As school administrators, there are times when teachers come to us for support about a student who may be struggling to learn to read. I remember observing a classroom and during the reflective feedback debrief meeting, the teacher shared that she had concerns about several students who were struggling to learn to read. She continued to share that one student had difficulty reading and understanding test questions, and even after allowing him to retake the same assessments multiple times, the results were pretty much the same.
At first, she thought he was just lazy or a slow learner, but the student had begun to exhibit frustration, depression, and embarrassment because it was extremely hard for him to read. Unfortunately, this was a 5th-grade student with dyslexia and had his disability been identified earlier and reasonable accommodations with access to an evidence-based structured approach to literacy instruction, he wouldn’t have fallen through the cracks.
What are the signs of dyslexia?
The problems displayed by individuals with dyslexia involve difficulties in acquiring and using written language. It is a myth that individuals with dyslexia “read backwards,” although spelling can look quite jumbled at times because students have trouble remembering letter symbols for sounds and forming memories for words. Students with dyslexia usually experience difficulties with other language skills, such as spelling, writing, and pronouncing words.
School-aged children with this learning disability may also struggle with:
- Copying written language.
- Expressing themselves in spoken language.
- Noticing differences and similarities in letters and words.
- Remembering sequences, such as the days of the week.
- Sounding out unfamiliar words.
The impact that dyslexia has is different for each student and depends on the severity of the condition and the effectiveness of instruction or remediation.
Dyslexia-Friendly Schools and Inclusion
All students should have access to instructional materials that address their unique needs. Students spend considerable time in classrooms interacting with curriculum resources and materials. This means that material accommodations must be differentiated and accessible. Some examples of material accommodations are as follows:
Reading Guides – provide students with access to a structured road map with targeted questions that help them understand the main idea, vocabulary, and specific facts to ensure they are mastering the content read.
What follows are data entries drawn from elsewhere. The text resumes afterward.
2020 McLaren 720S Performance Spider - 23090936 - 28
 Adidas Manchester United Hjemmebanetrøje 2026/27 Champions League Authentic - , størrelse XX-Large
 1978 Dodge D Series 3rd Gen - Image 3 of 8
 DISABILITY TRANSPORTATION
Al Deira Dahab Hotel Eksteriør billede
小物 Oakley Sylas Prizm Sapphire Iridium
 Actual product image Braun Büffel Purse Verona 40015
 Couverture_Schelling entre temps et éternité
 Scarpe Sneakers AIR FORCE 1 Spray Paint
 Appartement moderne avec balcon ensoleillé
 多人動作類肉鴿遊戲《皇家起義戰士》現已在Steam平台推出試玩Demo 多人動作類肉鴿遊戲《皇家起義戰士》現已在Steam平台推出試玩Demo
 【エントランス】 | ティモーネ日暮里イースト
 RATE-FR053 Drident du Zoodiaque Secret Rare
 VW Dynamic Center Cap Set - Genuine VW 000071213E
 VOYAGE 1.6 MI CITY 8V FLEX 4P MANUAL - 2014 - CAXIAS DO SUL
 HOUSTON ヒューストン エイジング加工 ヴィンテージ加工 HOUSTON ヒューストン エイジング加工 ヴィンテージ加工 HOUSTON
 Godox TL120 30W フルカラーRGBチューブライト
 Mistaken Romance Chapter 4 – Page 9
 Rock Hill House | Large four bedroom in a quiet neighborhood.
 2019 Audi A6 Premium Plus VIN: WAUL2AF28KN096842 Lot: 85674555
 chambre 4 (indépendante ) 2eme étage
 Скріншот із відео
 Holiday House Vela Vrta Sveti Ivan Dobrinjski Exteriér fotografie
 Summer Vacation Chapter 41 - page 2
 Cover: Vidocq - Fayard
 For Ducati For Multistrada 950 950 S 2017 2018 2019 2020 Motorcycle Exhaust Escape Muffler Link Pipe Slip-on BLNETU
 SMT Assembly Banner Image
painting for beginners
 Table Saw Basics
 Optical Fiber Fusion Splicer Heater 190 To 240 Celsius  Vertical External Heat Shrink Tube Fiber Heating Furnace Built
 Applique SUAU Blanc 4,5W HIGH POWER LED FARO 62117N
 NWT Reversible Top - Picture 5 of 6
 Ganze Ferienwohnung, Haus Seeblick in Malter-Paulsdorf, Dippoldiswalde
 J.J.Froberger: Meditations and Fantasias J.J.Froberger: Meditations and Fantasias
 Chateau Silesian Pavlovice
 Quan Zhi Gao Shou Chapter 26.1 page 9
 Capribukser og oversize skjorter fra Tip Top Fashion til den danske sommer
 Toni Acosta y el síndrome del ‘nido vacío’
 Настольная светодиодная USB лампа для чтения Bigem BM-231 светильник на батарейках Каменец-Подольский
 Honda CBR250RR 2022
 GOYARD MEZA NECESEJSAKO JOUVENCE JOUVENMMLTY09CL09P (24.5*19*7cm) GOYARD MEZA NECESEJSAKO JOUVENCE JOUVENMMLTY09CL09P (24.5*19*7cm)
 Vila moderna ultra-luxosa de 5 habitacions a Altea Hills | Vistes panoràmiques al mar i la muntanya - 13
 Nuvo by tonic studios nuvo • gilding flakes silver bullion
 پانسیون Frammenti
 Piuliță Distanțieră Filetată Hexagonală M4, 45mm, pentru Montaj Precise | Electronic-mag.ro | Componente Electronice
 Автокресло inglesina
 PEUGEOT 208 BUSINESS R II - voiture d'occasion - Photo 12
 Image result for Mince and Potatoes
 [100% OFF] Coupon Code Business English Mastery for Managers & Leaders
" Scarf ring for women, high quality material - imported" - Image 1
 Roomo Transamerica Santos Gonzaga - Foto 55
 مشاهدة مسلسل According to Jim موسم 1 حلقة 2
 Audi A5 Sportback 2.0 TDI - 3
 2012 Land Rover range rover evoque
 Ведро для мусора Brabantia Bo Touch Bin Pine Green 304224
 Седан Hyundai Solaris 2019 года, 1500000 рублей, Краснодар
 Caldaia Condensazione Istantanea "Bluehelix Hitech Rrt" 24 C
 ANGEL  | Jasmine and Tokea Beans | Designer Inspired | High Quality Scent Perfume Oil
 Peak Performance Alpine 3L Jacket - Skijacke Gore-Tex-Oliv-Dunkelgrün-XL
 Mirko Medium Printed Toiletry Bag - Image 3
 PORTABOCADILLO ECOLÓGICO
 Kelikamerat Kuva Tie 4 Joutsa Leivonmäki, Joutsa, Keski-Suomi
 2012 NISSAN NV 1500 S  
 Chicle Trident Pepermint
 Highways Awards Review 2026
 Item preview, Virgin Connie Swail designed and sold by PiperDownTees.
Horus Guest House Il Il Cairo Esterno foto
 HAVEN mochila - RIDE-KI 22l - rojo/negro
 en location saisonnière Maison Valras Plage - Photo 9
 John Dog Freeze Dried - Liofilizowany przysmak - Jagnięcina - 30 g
Present Work In Smaller Chunks – students should have access to materials that are broken down into small assignments instead of providing students with learning disabilities with several workbook pages or class assignments to complete without an accommodation. Students should have an opportunity to complete two paragraphs or a workbook page divided into sections so that they are thriving instead of the entire assignment at one time, which leads to frustration and students becoming discouraged.
Practice Activities for Mastery – most students need opportunities to practice newly learned content and skills; however, students with learning disabilities need additional practice activities to master the core foundational skills of reading. Teachers must provide students with evidence-based interventions, such as corrective teaching materials that reinforce and provide multiple opportunities to practice concepts and skills through different modalities.
Dyslexia is a language-based learning disability. Although specific learning disabilities cannot be cured, they can be treated with explicit, systematic, and direct instruction that is research-proven and evidence-based specialized instructional strategies. With the right instructional support and accommodations, students can focus on their strengths, adapt to their disabilities, and succeed in and out of school. However, this can only happen when schools are equipped to identify barriers to student achievement and provide early intervention services to ensure that all students are successful.